= Exercise goal =
Keep the pictures out while you transcribe the listing below exactly.

= Raw data =
◆ ◆ ◆ ◆ ◆ ◆ ◆

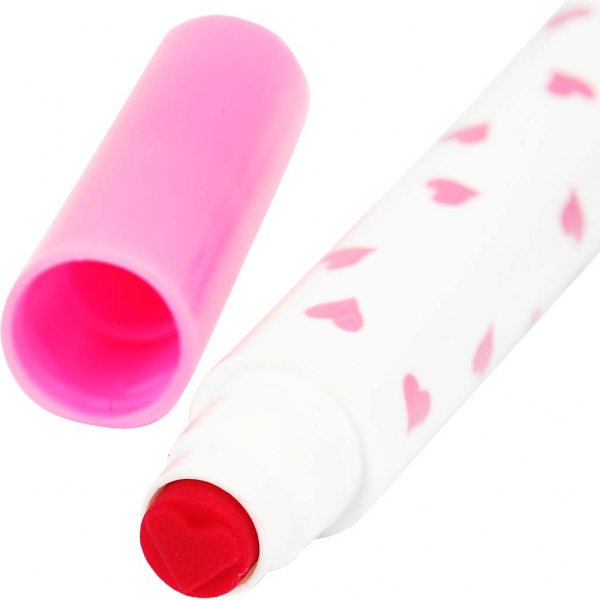 Stempelinkt - gemengde kleuren - 8 st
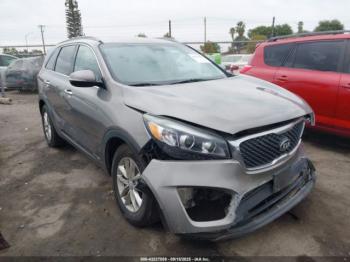  Salvage Kia Sorento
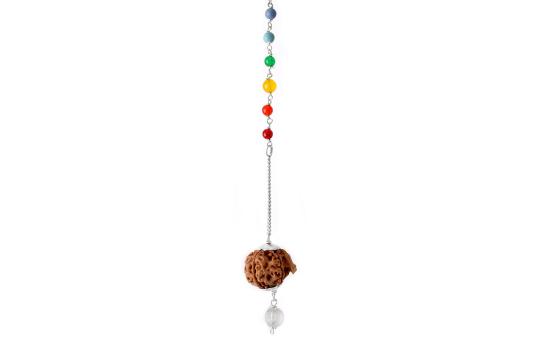 Ganesh Rudraksha Hanging Pendant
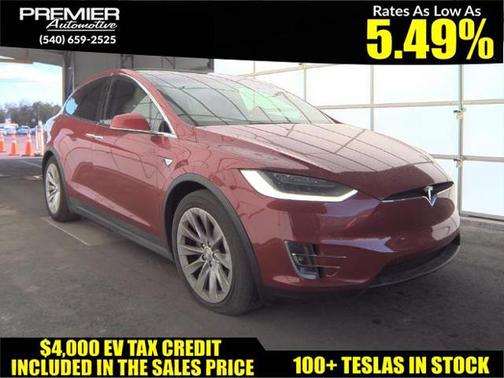 2020 Tesla Model X Long Range Dual Motor All-Wheel Drive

◆ ◆ ◆ ◆ ◆ ◆ ◆

= Solution to this problem =
 Stempelinkt - gemengde kleuren - 8 st
  Salvage Kia Sorento
 Ganesh Rudraksha Hanging Pendant
 2020 Tesla Model X Long Range Dual Motor All-Wheel Drive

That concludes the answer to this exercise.